*The task*
Word for word, output every line of the material below, minus pictures.

*The records*
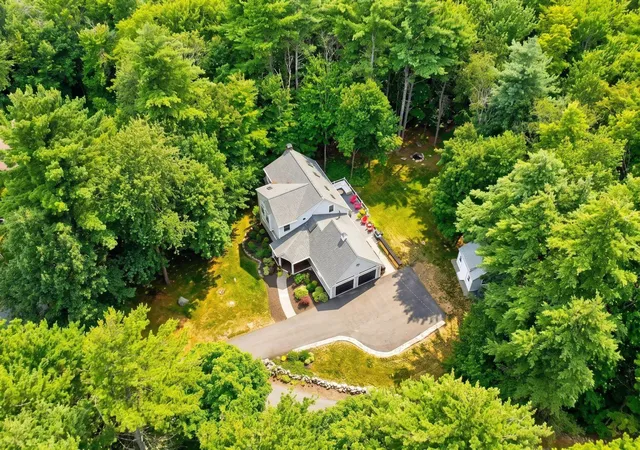 3rd image of 325 Belknap Mountain Rd, Gilford, NH 03249 | MLS# 5102865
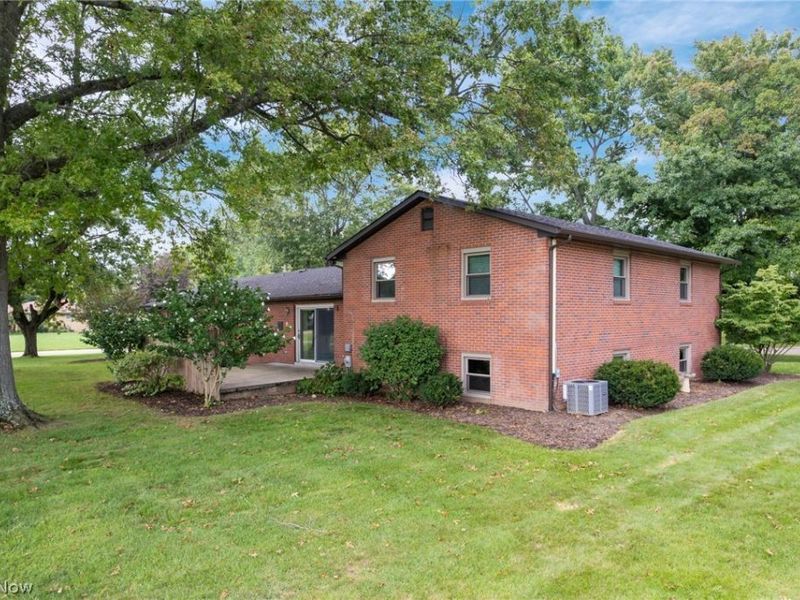 1212 Buena Vista Street NE, Canton, OH 44714 Photo 30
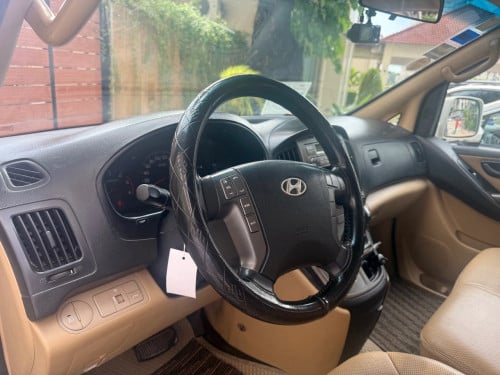 Hyundai H1 2015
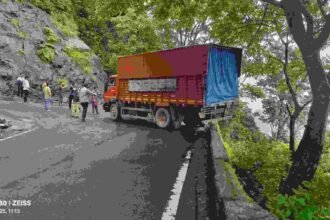 heavy vehicle traffic banned Agumbe Ghat /agumbe ghat traffic jam ಘಾಟಿಯಲ್ಲಿ ಕೆಟ್ಟು ನಿಂತ ಲಾರಿ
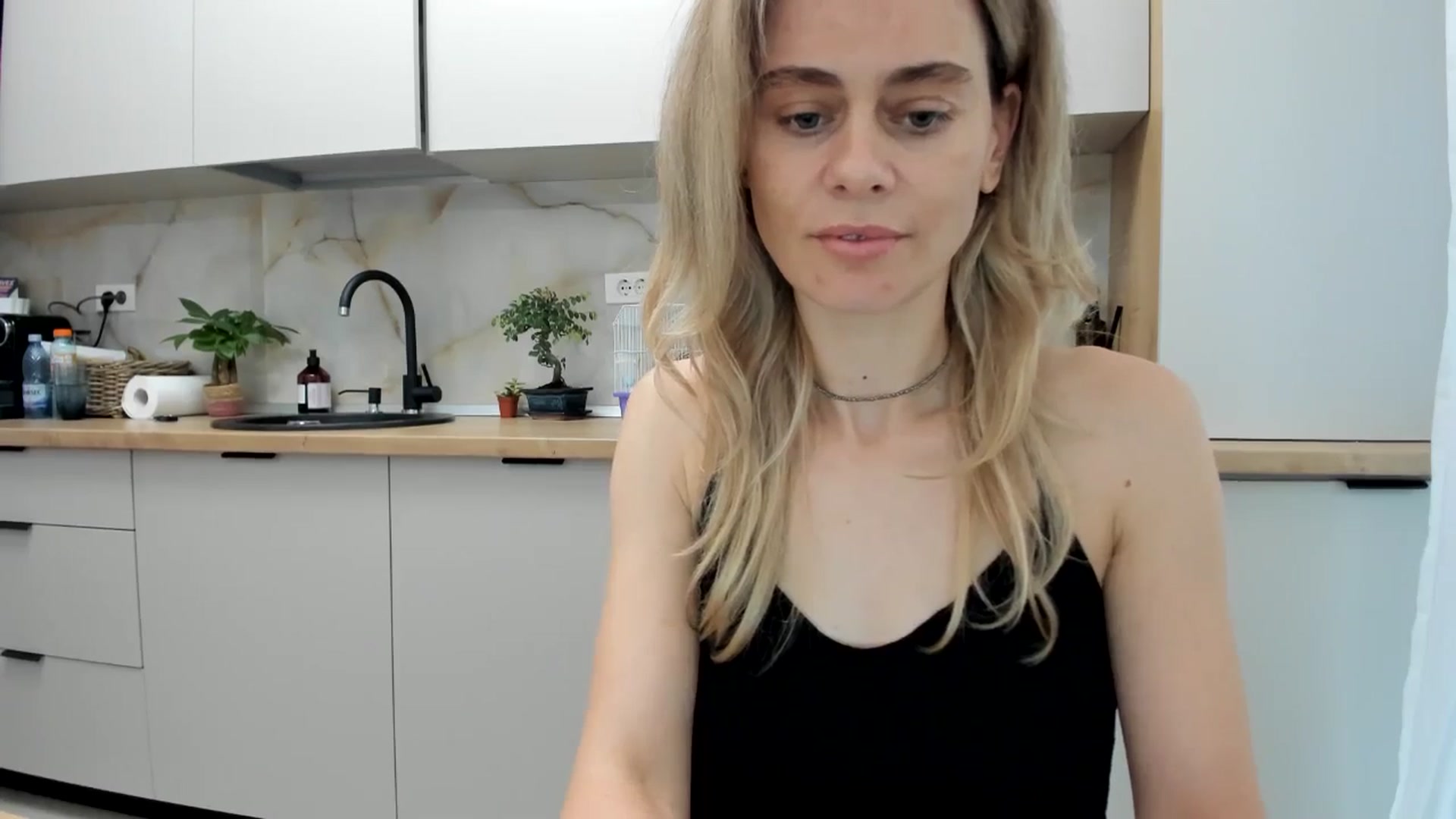 Gallery image thumbnail from DebbyPaige's myfreecams stream on, 11/14/2024, 14:38 image 6 of 20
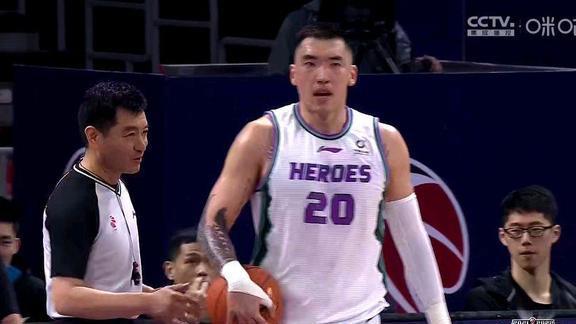 山东男篮|开局挖大坑！山东22-0被打懵吉伦沃特无力救主陈培东乌龙闹笑话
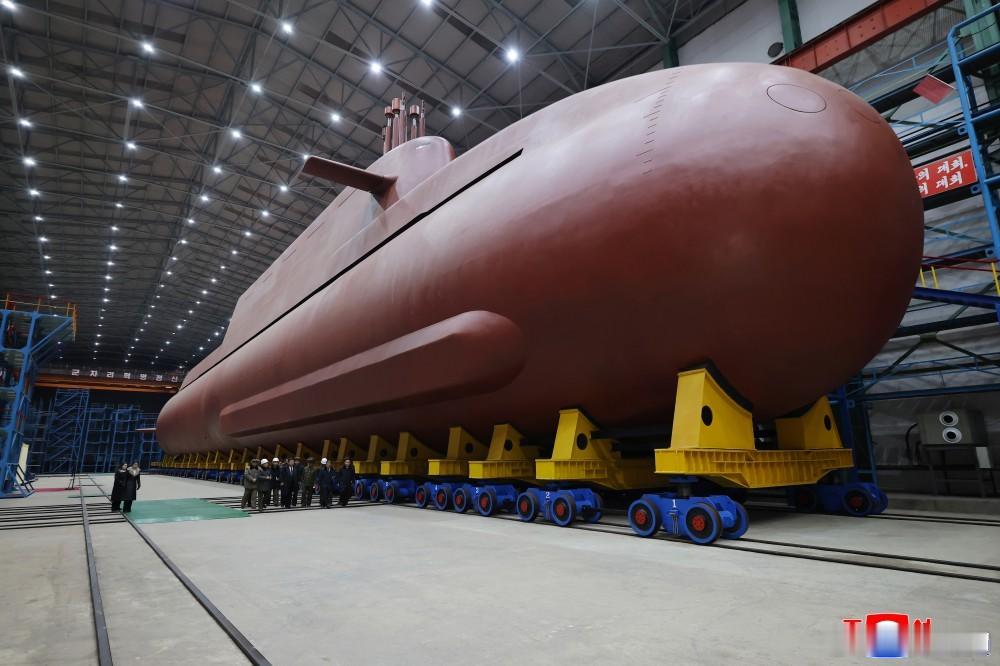 金正恩携爱女金主爱视察潜艇建设。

*Output of the exercise*
 3rd image of 325 Belknap Mountain Rd, Gilford, NH 03249 | MLS# 5102865
 1212 Buena Vista Street NE, Canton, OH 44714 Photo 30
 Hyundai H1 2015
 heavy vehicle traffic banned Agumbe Ghat /agumbe ghat traffic jam ಘಾಟಿಯಲ್ಲಿ ಕೆಟ್ಟು ನಿಂತ ಲಾರಿ
 Gallery image thumbnail from DebbyPaige's myfreecams stream on, 11/14/2024, 14:38 image 6 of 20
 山东男篮|开局挖大坑！山东22-0被打懵吉伦沃特无力救主陈培东乌龙闹笑话
 金正恩携爱女金主爱视察潜艇建设。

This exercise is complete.